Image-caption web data
..........

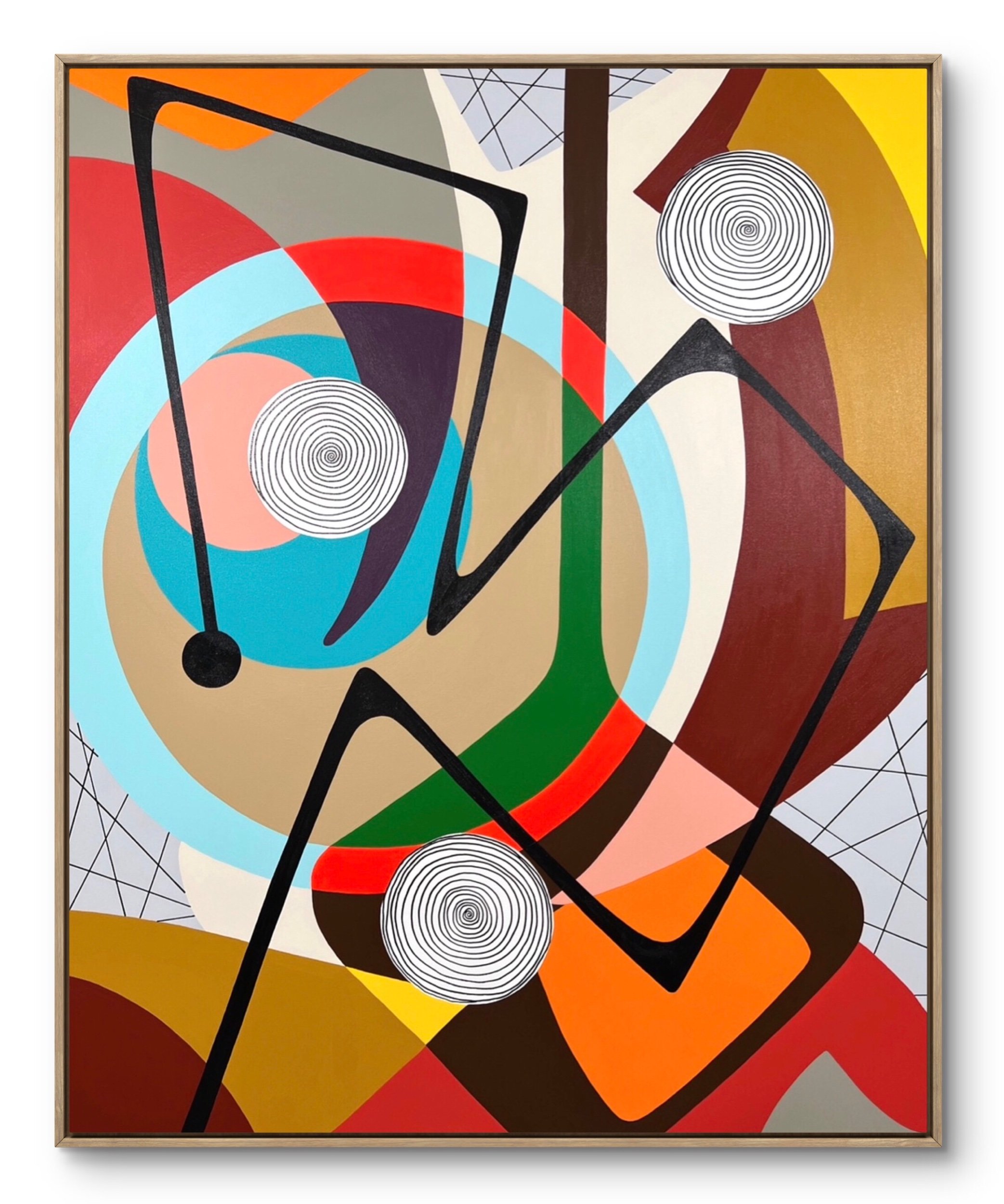 “Music to My Eyes” 60”x 48” (154cm x 122cm)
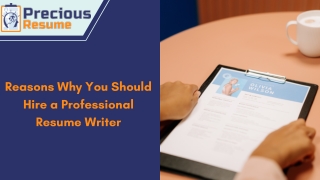 Reasons Why You Should Hire a Professional Resume Writer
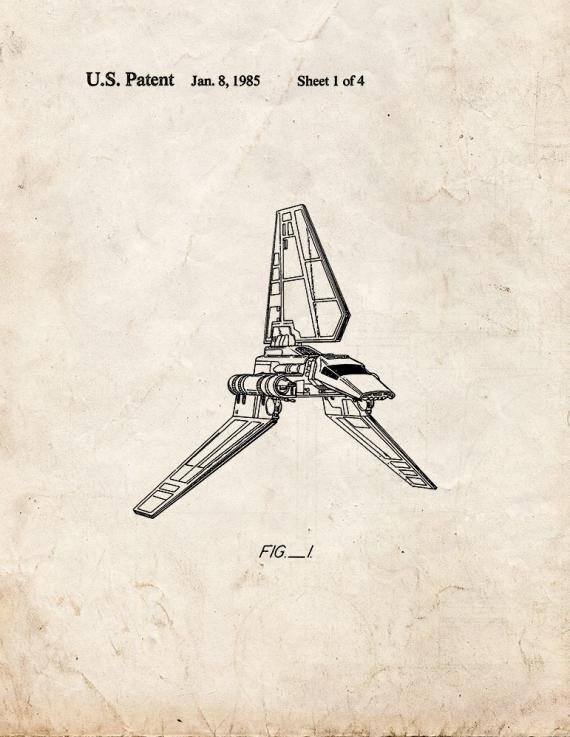 Patent Blueprint 574 2 12 A4 Photo Print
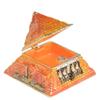 LiuliuBull Egyptian Pyramid Trinket Box Metal Jewelry Container Collectible Figurine Statue Creative Gifts Necklace Holder view 3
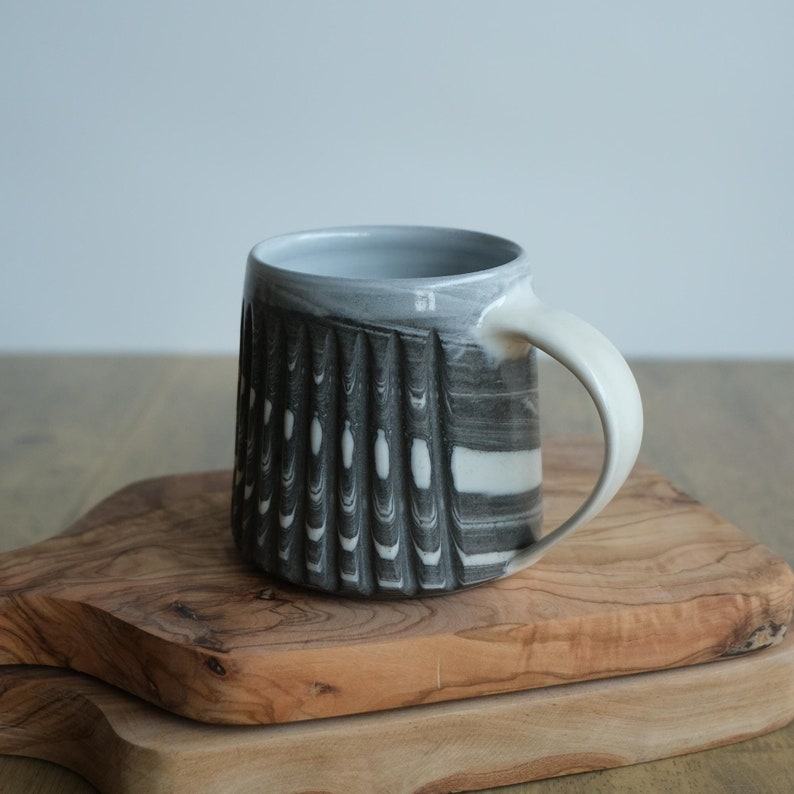 Artisan-Crafted Stoneware Coffee Mug Elevate Your Morning Ritual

..........

== TASK ==
Restate each entry exactly, omitting pictures.

== OUTPUT FOR THIS TASK ==
 “Music to My Eyes” 60”x 48” (154cm x 122cm)
 Reasons Why You Should Hire a Professional Resume Writer
 Patent Blueprint 574 2 12 A4 Photo Print
 LiuliuBull Egyptian Pyramid Trinket Box Metal Jewelry Container Collectible Figurine Statue Creative Gifts Necklace Holder view 3
 Artisan-Crafted Stoneware Coffee Mug Elevate Your Morning Ritual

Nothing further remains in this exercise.